The Easiest Triangle Choke Followup
One of my newsletter readers recently had an interesting question for me:
Q: “Hi Stephan, I have this training partner with a huge neck who is incredibly resistant to chokes. Everybody in class has problems choking him. The problem is that my favorite submission is the triangle choke – what’s a simple way to finish the choke on someone like that? Thanks – Dave from England.”
A: There’s a reason that the triangle choke is one of the signature moves of Brazilian Jiu-Jitsu. It is one of the most powerful submissions you can apply and it has finished a ton of matches in BJJ, submission grappling and MMA competition.
But when you have it fully locked on and you’re squeezing, squeezing, squeezing but your opponent just won’t tap, then you seriously start thinking about giving your belt back and burning your gi…
Of course it’s possible that you’re doing something wrong. It’s a bit hard for me to figure that out remotely since I can’t see you do the triangle choke on someone and/or feel you doing it on me.
But I do have a few suggestions…
First of all, take heart and don’t be too hard on yourself. Some people are just mutants, and it sounds like you may be dealing with one of them in your club.
I don’t know exactly what it is – maybe some people’s arteries and veins are just a lot more deeply buried in their neck – but I have heard of this before. My main BJJ coach, Marcus Soares, once told me a story of a guy back at the Carlson Gracie Academy in Rio who was impossible to choke. Marcus (who is a choke genius) couldn’t choke him. And Carlson (who was a BJJ legend) couldn’t choke him either.
So, just like hyperflexible people who are really difficult to armlock, choke-resistant people do exist. Just accept that and move onto the next technique.
Most importantly, DON’T lose faith in the technique just because it ‘only’ works on 99% of the population. This is a martial art, not a martial science. And something in the arts that works 99% of time is pretty darn good…
Secondly have a quick browse through these triangle-choke related posts on Grapplearts.com. Maybe you’re just doing one little thing wrong and one of these articles will help you fix that mistake and maybe – badda bing, badda boom – you’ll be able to choke out Mr. Monster Neck with your best move.

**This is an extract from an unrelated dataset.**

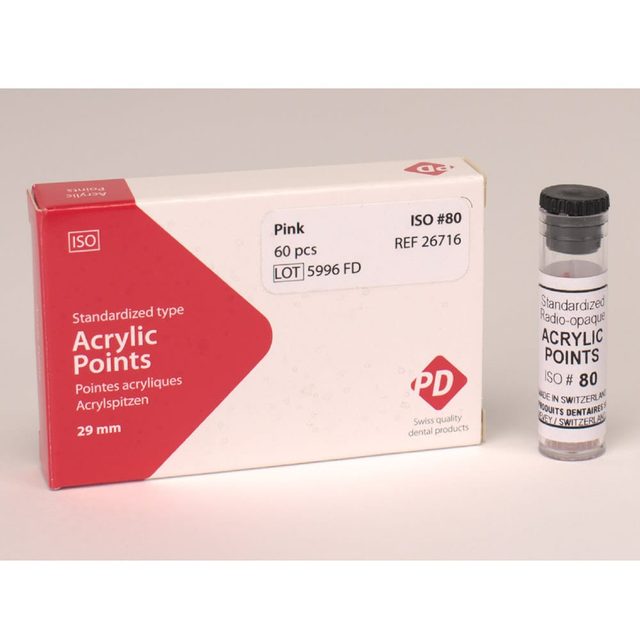 Acrylic Points ISO 60  6x10St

Pay particular attention to the Advanced Triangle Chokes Details article because there’s a lot of good stuff in there..
Thirdly, keep on working to slap the triangle choke onto this unchokeable monster. As I’ve said before, every triangle choke entry is also an omoplata entry. Once you get the triangle choke don’t exhaust your legs trying to finish it; just move on and convert it to the omoplata and either armlock him or use it as a sweep to get to the top position.
Finally, you asked for a simple way to finish the triangle choke on someone with a huge neck. Here’s one of the simplest ways to stay in the same position and still get the tap out from your opponent.
One caveat though. Maybe it’s because the guy on the bottom doesn’t really believe it works and slams it on too hard, or maybe it’s because the guy caught in the submission doesn’t realize he’s in a submission and waits too long to tap, but in any case there’s something about this technique that can lead to injuries.
Like all submissions, apply this one slowly and with control – your training partner’s health is MUCH more important than you getting the tap.
That being said, this is a totally valid finish to the triangle choke. Try it for yourself and see if you get some success from it:
1, My opponent (in black) holds me in the closed guard.
I tempt fate by trying to insert my left hand under his leg
to open his guard without first establishing proper posture.
2, He opens his legs and starts swinging
them into position for the triangle choke.
3, He applies the triangle choke but no matter how much
he squeezes, how much he pulls my head down, etc.
he just can’t finish the choke. But he notices that my
right arm (the arm that’s trapped between his legs) is free…
4, He secures my right wrist with both hands and lifts his hips
to apply the triangle armbar. Note that in this variation he
keeps his legs in the triangle choke position. Simply lifting
the hips applies the armbar.
5, Another option for my opponent is to unlock the triangle
choke position, bring his left leg across my face and
apply a slightly more ‘traditional’ form of armbar.